KIRKLAND - Eight years ago, Clarice and Wallace Hall had a dream. They wanted to save a historic mansion near downtown Kirkland to use as a centerpiece for an upscale English-style village.

They got half the dream. The Marsh Commons mansion has been saved and officially declared historic. But the Halls are in bankruptcy and have been ordered to leave the property by Oct. 15. The last public tour of the mansion will be this weekend.

"We're going down in ashes," Clarice Hall said. "We'll be out in the street."

When the Halls, who owned a development company that built pricey homes in places like Mill Creek, first saw the old Marsh mansion and its three acres overlooking Lake Washington near downtown Kirkland, the couple wanted to save it.

"It was zoned for 36 condos," Clarice said. "We wanted to save it and build a village."

In exchange for getting the needed building permits and height variances to build a project they called Village of Marsh Commons, the Halls agreed to seek placement on the historic register for the 64-year-old property.

In 1989, it was placed on the National Register of Historic Places as well as on the state register.

The house also had to be open for public tours twice a year and meet certain guidelines for construction.

The 8,000-square-foot home was originally owned by Boeing pioneer Louis Marsh, who was one of the first engineers to work for the airplane company. He made a fortune with the company and built the home in 1929.

When he died in 1980, Marsh left the property to his favorite charity, Children's Home Society, which sold it to the Halls in 1985 for $1.5 million.

"When Clarice came into my office in the 1980s, she had in mind something very European," said Joe Tovar, who was Kirkland's city planner in 1985. "She had a vision and was very committed to preservation.

"But it was a business venture, and it was risky," said Tovar, now a member of the Central Puget Sound Growth Planning Hearings Board.

The Halls had planned to restore the mansion and put in a tea room. Then they would build 20 luxury townhouses in a village surrounding the mansion.

The homes would be patterned after the style of Marsh Commons and would cost more than $1 million apiece.

But only two had been completed and a third was under construction when things started going bad.

First, said Clarice Hall, the bank holding the money was sold, and the new bank didn't want to continue financing the project.

The Halls went to court and finally won, but only after a long battle - by which time their money had dried up.

"You can't get any money when you are in litigation," she said.

Plus there was the problem of trying to sell such expensive homes. Their price restricts them to a limited clientele - people who may not want to live on a busy street like Lake Washington Boulevard, even if their homes are surrounded by a huge fence.

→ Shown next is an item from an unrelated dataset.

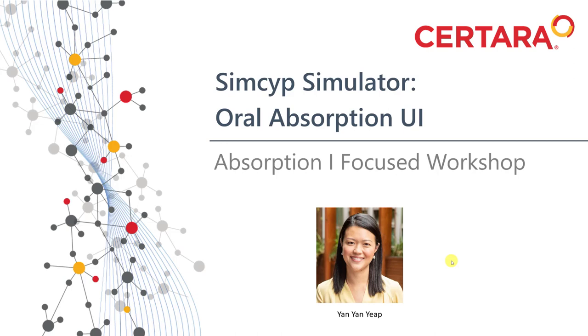Hi everyone, my name is Yan and I'm a scientist within the absorption team of SIMSIP. Today, to help prepare for your upcoming Absorption One Focus workshop, I will show you the oral absorption user interface of the SIMSIP simulator.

In 1991, the Halls filed for bankruptcy for their three companies: Marsh Commons Limited Partnership, Hall Development Corp. and Wallace and Clarice Hall real-estate development.

The Halls sold their home and moved into the mansion. They sold other pieces of property to pay the bills, but now they have run out of places to turn for help.

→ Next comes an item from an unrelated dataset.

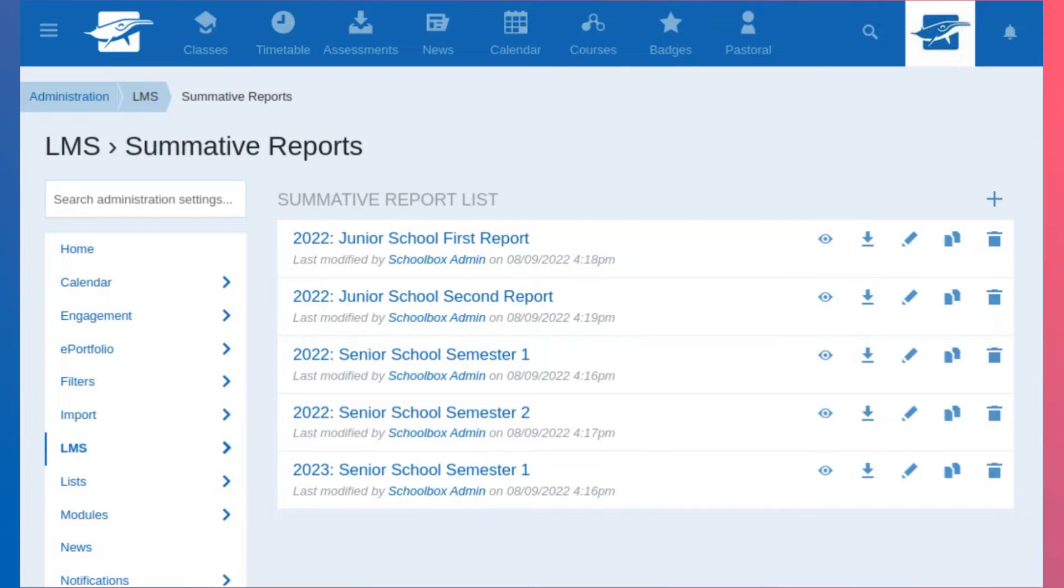In the last release we introduced summative reporting. At the time I said it was a beta release, the very beginnings of that feature, MVP as we often call it, and we wanted to enhance that over the next few releases. This is our first big enhancement.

"The bottom line is that after Oct. 15, we are out in the street," Clarice said. "If there is someone out there who can come forward and help us, I wish they would come forward."

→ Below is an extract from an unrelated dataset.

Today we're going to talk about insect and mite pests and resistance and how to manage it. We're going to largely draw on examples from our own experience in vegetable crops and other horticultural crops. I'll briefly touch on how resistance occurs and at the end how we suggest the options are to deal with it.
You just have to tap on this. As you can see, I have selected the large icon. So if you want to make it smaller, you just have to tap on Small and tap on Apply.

Whoever ends up with the Marsh mansion will still have to live with the agreements made by the Halls. Eric Shields, Kirkland's planning director, said there "are some zoning restrictions on what can happen there and the new owners would have to abide by those restrictions. It's a historic landmark for Kirkland."

If someone wants to do something different with the property - other than keep it in historic preservation - Shields said they would have to go through the public hearing process to change the zoning.

Shields said he thought the Halls' idea for a village of townhouses "was very beautiful," but they had a select market for buyers.

"I think the price she had to charge for each unit was for a select market," he said.

"Joe (Tovar) told me he wished there were more developers like us out there," Clarice Hall said. "Now I know why."